Book available at Amazon.





I have been reading Sean O'Neills poems for several years now. He is a voracious reader of poets from the past and present, and he is a gifted writer as well. He has authored and published 8 books of his own poems - and I suspect he has many more volumes of poems waiting to come to life as well.

The sheer breadth of his varied subject matter, and the beauty of his cadence and rhythmic style, and the rich use of images, metaphors, and experiences from life and nature, give him an ever expanding breadth and depth to his work.
 
His book on How to Write a Poem: A Beginner's Guide (ten chapters) is a must read for anyone interested in learning how to write poetry of their own when the mood, subject, or occasion strikes them. This is a very practical and easy to read guide. If you are a beginner or someone who wants to improve your writing skills, this is a great guide that will give you all the tools you need to write to your heart's content.

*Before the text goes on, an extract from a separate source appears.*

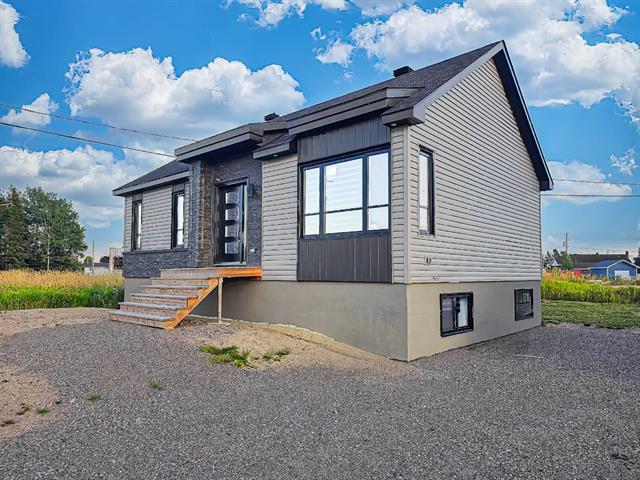 Property image for 2408 Rue Piuze|Baie-Comeau, Quebec G5C0B6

Emily Dickinson (1830-1866) wrote more than 1,775 poems - most were penned on scraps of paper or backs of envelopes. Very few were published in her lifetime. Her strongest influences were the Bible and Shakespeare. But the sheer volume and practice of writing day after day and year after year must have been a very satisfying and rewarding experience for her. 

Give it a try yourself - and maybe you will be caught by wonderment, joy, and pleasant surprise.